Нью-Йорк - Резерфорд Эдвард. Страница 46

Лучше всего было то, что Мерси могла покупать вещи для мужа.

Она мгновенно поняла, что у мистера Альбиона отменный вкус, хотя одевался он скромно. Джон был одет хорошо. И лондонские моды очень быстро достигали Нью-Йорка. Но лондонские портные выдерживали известный стиль – его было трудно определить, но он безошибочно узнавался. Мерси еще и недели не пробыла в Лондоне, а уже упросила мистера Альбиона свести Джона к своему портному и постижеру [25].

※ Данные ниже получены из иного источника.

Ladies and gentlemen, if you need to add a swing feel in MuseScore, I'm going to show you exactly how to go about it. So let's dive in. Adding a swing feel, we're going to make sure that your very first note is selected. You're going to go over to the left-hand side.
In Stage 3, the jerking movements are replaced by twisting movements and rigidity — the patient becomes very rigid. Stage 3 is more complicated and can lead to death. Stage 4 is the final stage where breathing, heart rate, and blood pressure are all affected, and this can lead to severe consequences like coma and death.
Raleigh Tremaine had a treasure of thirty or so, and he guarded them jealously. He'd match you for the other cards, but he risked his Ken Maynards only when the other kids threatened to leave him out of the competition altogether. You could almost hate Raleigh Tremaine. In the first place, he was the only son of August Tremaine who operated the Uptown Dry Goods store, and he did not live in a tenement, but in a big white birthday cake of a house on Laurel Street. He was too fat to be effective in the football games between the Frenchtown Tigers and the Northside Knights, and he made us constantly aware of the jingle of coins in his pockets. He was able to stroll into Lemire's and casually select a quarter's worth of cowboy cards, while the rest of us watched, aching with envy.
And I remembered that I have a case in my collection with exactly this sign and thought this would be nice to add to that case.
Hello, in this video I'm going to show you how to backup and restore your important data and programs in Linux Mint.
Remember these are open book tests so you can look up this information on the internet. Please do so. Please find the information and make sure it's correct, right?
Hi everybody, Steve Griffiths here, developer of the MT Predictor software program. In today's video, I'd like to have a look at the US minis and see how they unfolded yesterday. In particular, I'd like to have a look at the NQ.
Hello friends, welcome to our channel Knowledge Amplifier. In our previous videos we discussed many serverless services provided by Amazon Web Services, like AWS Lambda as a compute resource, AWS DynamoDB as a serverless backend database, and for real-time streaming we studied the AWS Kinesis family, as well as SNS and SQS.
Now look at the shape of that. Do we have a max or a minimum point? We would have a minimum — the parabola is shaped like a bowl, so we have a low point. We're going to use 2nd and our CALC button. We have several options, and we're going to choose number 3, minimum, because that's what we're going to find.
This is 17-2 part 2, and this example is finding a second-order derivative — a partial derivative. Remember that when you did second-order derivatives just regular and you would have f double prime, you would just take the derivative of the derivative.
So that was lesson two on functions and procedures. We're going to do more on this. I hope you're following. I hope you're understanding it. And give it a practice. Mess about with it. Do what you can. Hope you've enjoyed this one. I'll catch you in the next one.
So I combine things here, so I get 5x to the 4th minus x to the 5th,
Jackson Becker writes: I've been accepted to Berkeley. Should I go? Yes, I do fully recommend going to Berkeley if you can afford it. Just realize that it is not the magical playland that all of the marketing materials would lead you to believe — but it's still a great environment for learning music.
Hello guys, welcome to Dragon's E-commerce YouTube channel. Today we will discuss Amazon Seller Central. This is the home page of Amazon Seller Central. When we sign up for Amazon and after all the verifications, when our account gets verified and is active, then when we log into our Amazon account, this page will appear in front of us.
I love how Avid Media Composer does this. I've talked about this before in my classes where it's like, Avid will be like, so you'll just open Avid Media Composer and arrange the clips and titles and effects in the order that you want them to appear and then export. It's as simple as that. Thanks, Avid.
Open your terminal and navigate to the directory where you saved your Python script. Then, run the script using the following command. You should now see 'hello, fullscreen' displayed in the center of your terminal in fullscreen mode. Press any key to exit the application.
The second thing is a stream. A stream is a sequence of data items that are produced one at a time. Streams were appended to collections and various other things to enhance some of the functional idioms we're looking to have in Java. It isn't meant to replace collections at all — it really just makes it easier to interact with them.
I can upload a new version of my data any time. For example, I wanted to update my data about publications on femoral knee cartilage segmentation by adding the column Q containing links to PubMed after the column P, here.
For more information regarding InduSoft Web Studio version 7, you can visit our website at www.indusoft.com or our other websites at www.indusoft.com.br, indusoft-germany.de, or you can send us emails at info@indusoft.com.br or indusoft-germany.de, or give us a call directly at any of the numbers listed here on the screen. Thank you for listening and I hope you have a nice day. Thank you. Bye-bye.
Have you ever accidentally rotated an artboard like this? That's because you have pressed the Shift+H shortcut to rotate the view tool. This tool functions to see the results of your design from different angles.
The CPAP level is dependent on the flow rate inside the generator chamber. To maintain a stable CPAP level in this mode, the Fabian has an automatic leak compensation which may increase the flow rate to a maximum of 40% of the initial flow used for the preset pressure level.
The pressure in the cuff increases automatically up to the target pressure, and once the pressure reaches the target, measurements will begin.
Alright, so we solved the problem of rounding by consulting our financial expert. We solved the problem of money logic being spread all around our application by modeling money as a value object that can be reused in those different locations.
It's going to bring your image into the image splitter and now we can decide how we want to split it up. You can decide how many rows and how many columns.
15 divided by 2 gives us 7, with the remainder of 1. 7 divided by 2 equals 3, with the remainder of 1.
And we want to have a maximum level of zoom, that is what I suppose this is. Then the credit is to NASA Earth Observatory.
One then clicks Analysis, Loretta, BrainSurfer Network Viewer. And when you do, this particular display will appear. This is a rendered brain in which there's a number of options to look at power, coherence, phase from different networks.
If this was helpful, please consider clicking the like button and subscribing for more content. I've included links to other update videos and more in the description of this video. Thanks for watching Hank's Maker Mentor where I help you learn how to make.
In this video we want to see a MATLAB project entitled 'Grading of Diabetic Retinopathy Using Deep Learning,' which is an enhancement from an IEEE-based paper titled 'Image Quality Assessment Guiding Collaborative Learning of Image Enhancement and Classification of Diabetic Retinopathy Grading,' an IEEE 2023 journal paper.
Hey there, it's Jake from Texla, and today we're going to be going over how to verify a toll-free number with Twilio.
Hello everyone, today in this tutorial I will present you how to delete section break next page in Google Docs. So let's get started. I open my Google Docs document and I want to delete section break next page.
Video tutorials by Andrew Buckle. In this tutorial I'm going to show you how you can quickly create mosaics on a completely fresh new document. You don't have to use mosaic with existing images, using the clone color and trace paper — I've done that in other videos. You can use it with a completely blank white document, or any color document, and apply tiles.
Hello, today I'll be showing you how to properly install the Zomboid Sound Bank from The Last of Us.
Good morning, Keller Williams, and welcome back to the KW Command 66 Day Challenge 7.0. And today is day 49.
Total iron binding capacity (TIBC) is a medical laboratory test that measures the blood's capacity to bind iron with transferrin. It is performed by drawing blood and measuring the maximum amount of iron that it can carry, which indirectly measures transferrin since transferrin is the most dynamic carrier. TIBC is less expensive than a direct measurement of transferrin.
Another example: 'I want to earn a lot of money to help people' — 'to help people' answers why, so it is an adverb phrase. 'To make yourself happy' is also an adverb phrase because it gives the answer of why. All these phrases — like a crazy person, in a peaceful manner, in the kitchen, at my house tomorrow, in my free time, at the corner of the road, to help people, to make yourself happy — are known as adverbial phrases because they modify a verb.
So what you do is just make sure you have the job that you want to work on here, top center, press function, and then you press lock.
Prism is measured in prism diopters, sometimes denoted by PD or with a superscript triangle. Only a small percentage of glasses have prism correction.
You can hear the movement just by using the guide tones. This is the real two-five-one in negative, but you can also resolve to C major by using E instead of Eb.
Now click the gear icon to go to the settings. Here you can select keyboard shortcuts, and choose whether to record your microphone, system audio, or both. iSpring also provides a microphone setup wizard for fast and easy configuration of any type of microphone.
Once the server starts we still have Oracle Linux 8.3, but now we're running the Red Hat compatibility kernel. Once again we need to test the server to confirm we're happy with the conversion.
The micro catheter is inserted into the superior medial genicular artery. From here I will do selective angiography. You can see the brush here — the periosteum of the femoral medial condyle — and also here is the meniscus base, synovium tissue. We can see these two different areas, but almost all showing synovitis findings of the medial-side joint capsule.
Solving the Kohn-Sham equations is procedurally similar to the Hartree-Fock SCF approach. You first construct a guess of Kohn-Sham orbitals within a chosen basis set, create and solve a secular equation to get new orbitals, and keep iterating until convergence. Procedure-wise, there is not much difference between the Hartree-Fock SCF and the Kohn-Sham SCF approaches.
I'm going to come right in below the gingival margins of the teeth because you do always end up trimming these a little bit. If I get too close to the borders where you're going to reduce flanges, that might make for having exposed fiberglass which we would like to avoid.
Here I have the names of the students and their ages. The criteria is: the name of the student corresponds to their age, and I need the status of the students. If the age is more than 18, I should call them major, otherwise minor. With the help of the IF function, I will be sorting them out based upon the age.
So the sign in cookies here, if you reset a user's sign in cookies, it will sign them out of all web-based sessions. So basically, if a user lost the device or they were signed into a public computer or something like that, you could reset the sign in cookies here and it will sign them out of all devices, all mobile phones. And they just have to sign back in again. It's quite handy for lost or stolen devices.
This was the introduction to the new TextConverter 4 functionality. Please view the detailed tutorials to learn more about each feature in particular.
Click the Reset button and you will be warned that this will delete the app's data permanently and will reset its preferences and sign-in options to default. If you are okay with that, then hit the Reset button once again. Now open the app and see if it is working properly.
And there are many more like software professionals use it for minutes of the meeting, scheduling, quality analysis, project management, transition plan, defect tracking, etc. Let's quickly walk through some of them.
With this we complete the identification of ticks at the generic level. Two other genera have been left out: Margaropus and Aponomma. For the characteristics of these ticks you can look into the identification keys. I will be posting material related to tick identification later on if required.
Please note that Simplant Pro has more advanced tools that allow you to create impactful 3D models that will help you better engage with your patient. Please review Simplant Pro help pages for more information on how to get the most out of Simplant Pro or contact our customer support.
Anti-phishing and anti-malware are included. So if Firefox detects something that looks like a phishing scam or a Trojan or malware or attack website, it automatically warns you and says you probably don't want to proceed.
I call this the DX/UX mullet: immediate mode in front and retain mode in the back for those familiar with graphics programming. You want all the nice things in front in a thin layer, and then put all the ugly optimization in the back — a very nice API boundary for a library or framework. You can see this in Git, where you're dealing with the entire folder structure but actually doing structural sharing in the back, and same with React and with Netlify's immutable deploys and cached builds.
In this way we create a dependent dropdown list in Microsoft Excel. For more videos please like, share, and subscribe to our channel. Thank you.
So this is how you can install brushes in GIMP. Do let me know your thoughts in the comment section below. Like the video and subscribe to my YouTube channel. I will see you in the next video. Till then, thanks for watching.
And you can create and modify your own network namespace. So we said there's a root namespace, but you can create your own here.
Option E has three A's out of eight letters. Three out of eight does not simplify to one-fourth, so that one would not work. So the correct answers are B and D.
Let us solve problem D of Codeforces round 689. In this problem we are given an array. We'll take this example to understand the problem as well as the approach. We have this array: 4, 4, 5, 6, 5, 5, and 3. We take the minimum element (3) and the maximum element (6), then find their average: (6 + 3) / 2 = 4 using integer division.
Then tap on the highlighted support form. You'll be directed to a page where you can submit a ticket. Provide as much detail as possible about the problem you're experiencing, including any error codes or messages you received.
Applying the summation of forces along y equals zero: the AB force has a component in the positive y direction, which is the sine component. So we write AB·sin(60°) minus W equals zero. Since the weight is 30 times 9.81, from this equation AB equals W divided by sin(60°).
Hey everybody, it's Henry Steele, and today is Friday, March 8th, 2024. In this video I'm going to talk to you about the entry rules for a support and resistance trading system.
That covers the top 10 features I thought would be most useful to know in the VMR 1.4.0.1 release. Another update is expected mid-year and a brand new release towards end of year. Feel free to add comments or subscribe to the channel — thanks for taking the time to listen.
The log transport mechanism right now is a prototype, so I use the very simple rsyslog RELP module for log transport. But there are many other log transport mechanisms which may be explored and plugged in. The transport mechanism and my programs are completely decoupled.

Они с миссис Альбион смогли порадовать его и другими обновами: серебряными пряжками на туфли, красивыми часами, шпагой, темляком, льняной тканью на рубашки. Мерси купила ему даже серебряную табакерку. Мода нюхать табак проникла, конечно же, и в Нью-Йорк, так что американские торговцы табаком уже наладили его производство. Джон Мастер вовсю дымил трубкой, но табакерку счел излишеством. «Если я начну нюхать, то буду чихать на тебя целый день – и ночь заодно», – посулил он весело.

Джону Мастеру очень нравилось в Лондоне. Альбион подобрал жилье с толком – возле самого Стрэнда, в гуще событий. Очень скоро Джон сделался завсегдатаем лучших кофеен, где были наготове газеты и «Журнал джентльмена», и там заводил беседы со множеством интересных людей. В театрах давали комедии по его вкусу. Желая порадовать Мерси, он даже высидел концерт музыки Генделя – и остался вполне доволен.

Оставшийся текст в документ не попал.